# Meyers 6.5st commanche mount adapting to a YJ wrangler



## Premierplowing (Oct 8, 2009)

I recently bought a 95 wrangler at a steal and will be mounting my Meyer 6.5st that has a commanche mount on it....I know that its not the correct mount buy i've measured the frame rails and hypothetically it should be able to make it work.

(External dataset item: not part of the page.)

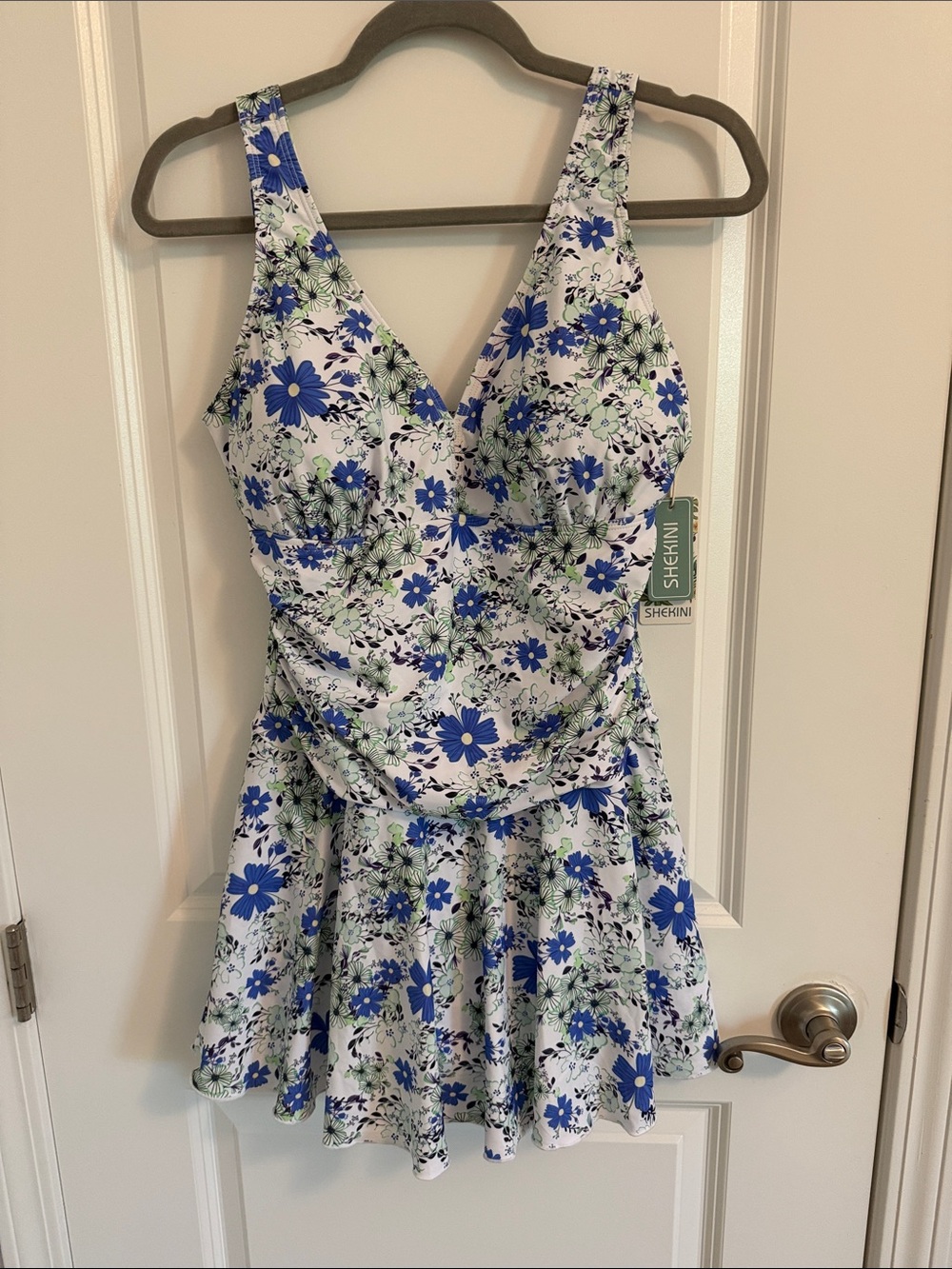 BNWT Shekini Blue Floral Women’s One-Piece Swimdress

Anyone know if its been done b4 or should I just sell the existing mount and get the right one?. The plow is less than 6 mo's old and i paid 40% of a new one
Thanks for any input


----------



## watchamakalit (Jan 11, 2004)

I am not much help on the swap but if you decide to sell that comanche mount, let me know I am looking for one.


----------



## flykelley (Dec 29, 2003)

Premierplowing;860688 said:


> I recently bought a 95 wrangler at a steal and will be mounting my Meyer 6.5st that has a commanche mount on it....I know that its not the correct mount buy i've measured the frame rails and hypothetically it should be able to make it work. Anyone know if its been done b4 or should I just sell the existing mount and get the right one?. The plow is less than 6 mo's old and i paid 40% of a new one
> Thanks for any input


You will have to fab up a new one, I judt had that done last week. Finding a mount for a YJ is like hitting the lotto and getting hit by lighting in the same day, chances are very small you will find a YJ mount.

Good Luck Mike


----------



## Premierplowing (Oct 8, 2009)

From the looks of it I should be able to make the Cherokee mount work with the YJ...the outside dimension of the framerails is 34 1/2" and the inside dimensions of the Cherokee mount are 34 1/2 as well, I may have to cut the mount a bit to get the mount up high enough, but I should be able to just drill some holes and bolt it up, no?


----------